Give my liver a alcohol break for a month? Check.

Refocus on health and fitness? Check.

Honestly, I had no idea what “being on Whole 30” actually meant, but on December 30th I jumped on the wagon. Starting January 1, I loaded my shopping cart with tons of expensive, compliant ingredients that were justified by the fact I wouldn’t be spending money eating out or ordering pricey drinks or even making trips to the liquor store. It’s true, I made some lovely meals on this plan and the groceries were certainly less than the appetizer plus entree plus dessert plus two or three drinks per person night out.

And when I did eat out, the stunningly cheap bills at the end of a meal sans alcoholic drinks was refreshing. It was also surprising. Dang, how the hell does a meal with drinks cost more than 2x than this? It was eye-opening.

While all this was good for my wallet, January is a very tough month for servers at restaurants. Newsflash, EVERYONE is on a resolution diet. Even if you are eating out less to simply make up for overspending during the holidays, you are on a January diet. That means there are way fewer people eating out right now and this who are, are eating and drinking less.

Yes, restaurants know this lull is coming and they plan accordingly. They slim down food orders and adjust menus for a more health conscious crowd, but one of their big ticket items is labor. So, they cut shifts and they send staff home early. That’s the business.
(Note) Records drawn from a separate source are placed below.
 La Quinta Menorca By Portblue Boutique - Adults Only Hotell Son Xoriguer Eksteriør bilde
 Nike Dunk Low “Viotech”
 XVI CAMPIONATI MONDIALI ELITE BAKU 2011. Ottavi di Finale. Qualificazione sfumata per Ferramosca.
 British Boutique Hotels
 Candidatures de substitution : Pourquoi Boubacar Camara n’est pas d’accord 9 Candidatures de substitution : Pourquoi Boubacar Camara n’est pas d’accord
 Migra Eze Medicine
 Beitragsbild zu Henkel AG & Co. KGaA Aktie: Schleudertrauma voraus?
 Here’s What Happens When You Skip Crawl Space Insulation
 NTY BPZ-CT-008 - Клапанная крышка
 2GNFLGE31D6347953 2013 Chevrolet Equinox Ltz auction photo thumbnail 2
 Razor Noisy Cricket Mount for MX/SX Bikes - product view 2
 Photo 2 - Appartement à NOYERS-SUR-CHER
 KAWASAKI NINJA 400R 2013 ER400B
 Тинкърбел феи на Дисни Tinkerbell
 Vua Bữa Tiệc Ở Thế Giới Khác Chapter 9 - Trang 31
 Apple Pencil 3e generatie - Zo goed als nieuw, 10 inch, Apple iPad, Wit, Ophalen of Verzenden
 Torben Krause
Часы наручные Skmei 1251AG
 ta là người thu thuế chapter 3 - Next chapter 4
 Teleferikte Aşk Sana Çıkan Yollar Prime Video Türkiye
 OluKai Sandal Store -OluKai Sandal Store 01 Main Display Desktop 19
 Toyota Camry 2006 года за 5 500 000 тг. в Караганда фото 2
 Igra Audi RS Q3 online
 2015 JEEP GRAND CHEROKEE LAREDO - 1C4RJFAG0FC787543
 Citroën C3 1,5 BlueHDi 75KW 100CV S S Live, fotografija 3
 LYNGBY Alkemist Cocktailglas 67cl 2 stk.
For people who rely on tips to make ends meet, that makes January really hard. Sure, they made extra money during the holidays when we were all indulging. Sure, they too can plan for a lull in January by saving those extras. Sure, they could have skipped indulging in the holidays themselves, but before we start admonishing and judging their choices, let’s be realistic.

The Federal Minimum Wage for tipped workers is $2.13. It has been $2.13 for TWENTY-SEVEN years now. It was $2.13 when I waited tables in two restaurants while trying to pay for college. As I was trying to start a new semester and pay my upcoming tuition bill, I watched my wages dwindle in January.

Of course, that was my experience as a college student, but let’s be realistic. There are more than 3 million people according to the US government, more than 4.3 million according to the Economic Policy Institute. working for tips in the US. According the EPI, “Tipped workers are predominantly women (66.6 percent) and disproportionately young; however, the majority are at least 25, and over one in four are at least 40 years of age.” That means, many Americans are working for tips as a long term profession.

I have great deal if respect professional servers. To make a living putting up with every variety and flavor of asshole you can imagine, is impressive and commendable. For any of you who have had the pleasure of dining at a location who uses professional servers with years of experience, you know why it is important to have professional servers. They make a good dining experience great and we all know no matter how good the food is, if the service sucks, it takes it all down.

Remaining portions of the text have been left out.